VODACOM won legal permission to list on the JSE last week — despite union protests — to avoid destabilising the stock market, devaluing the rand and inflicting severe injury to the reputation of the government, says the judge who granted the go-ahead.
If the Congress of South African Trade Unions (Cosatu) had been allowed to prevent the listing, it could have triggered a contagious sell-off of shares in other sectors of the economy as foreign investors lost their faith in SA as a sound investment destination.
Those are the among the reasons North Gauteng High Court Judge John Murphy dismissed an application by Cosatu to halt the listing, according to his written judgment published yesterday.
Cosatu was supported in its disruptive action by the Independent Communications Authority of SA (Icasa) which decided belatedly it should have held public hearings.
Murphy’s dismissal of their objections after an emergency court case on a Sunday let Telkom complete a deal to sell 15% of Vodacom to the British operator Vodacom for R20,95bn and list its remaining 35% on the JSE.
Although political pressure from the new, more left-wing government was said to have fuelled Cosatu’s action, the government’s official stance was to oppose Cosatu’s plea for an interdict and the Department of Communications said the government had given its commitment to supporting the deal.

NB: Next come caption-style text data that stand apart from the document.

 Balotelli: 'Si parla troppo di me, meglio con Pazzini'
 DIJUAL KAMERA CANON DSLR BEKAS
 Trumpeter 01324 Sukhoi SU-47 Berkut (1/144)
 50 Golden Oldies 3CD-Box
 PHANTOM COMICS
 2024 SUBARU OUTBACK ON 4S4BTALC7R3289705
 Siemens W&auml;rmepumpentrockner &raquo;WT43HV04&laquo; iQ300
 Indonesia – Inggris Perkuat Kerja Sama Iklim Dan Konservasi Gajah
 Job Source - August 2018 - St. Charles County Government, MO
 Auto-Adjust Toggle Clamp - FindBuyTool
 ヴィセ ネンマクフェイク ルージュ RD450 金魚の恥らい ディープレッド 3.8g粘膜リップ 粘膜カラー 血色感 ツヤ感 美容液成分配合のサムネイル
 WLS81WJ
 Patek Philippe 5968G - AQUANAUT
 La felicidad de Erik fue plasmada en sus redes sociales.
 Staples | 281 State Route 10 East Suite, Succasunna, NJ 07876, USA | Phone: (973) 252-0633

In his verdict, Murphy said listing Vodacom was part of a series of transactions that the companies claimed could not be unscrambled “without severely injuring the financial standing and reputations of the respondents and the government”.
They had proceeded in good faith, based on an earlier decision by Icasa that it did not need to approve of the unbundling. Public anticipation of the listing had created a boom in the volume of Telkom shares being traded, which were changing hands nine times faster than usual. “An interdict will therefore have adverse implications for share values, and presumably there is the risk of contagion running through to other areas in the market,” Murphy said.
Vodafone had also imported foreign currency worth R20,95bn to fund the deal, so blocking it would probably have an unwelcome effect on the exchange rate. Finally there was a concern that halting the deal would hurt the regulatory environment and damage SA’s reputation as an investment destination.